Inverse Optimal Heuristic Control for Imitation Learning

Toward high-dimensional imitation learning:

Utilizing fast combinatorial planners for efficient stochastic imitation learning.

Nathan Ratliff, Brian Ziebart, Kevin Peterson, J. Andrew Bagnell, Martial Hebert, Siddhartha Srinivasa

From Star Wars Episode I: The Phantom Menace

Inverse optimal heuristic control (IOHC) addresses high-dimensional imitation learning problems by capitalizing on the idea that many of these problems can be modeled as a combination of low-dimensional long-term behaviors and high-dimensional local behaviors (Ratliff et al., 2009b link).
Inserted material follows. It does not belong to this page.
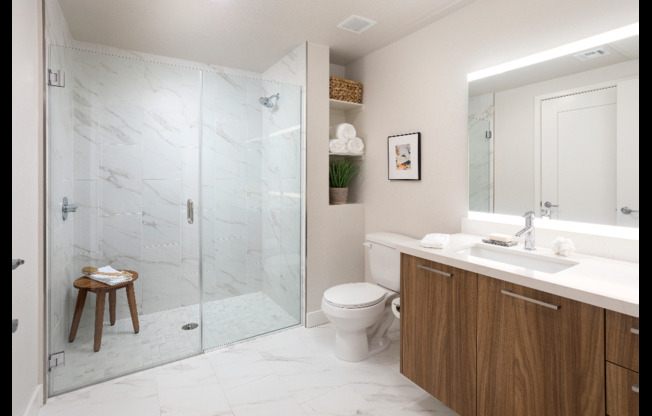 Spa-like bathrooms with rain shower head, custom shelves and stunning granite surrounds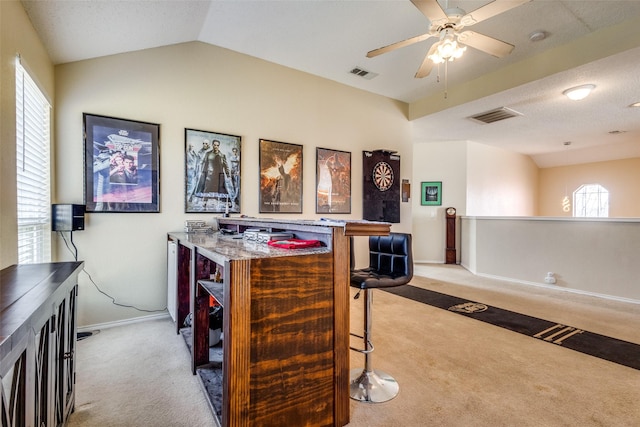 bar featuring ceiling fan, light stone countertops, light carpet, and vaulted ceiling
Our experiments focus on two problems, pedestrian prediction and taxi cab navigation, that exhibit this form of decomposition. Accurate state representation for both of these problems requires dynamical variables such as momentum; the state dimensionality, therefore, increases beyond the more common two-dimensional position representation used in navigational planning. For both problems, we model the probability of taking an action as inversely proportional to the sum of the cost of the proposed direction change and the cost-to-go of a two-dimensional navigational planner planning from the state that results from taking the proposed action. This work demonstrates some of the first results in using planners to predict pedestrian motion and surpasses the previously published state-of-the-art results in taxi cab prediction as presented in (Ziebart et al., 2008 link). Although the resulting optimization is nonconvex, we additionally introduce a number of convex approximations to the objective function and prove theorems which argue that these nonconvexities are generally insignificant.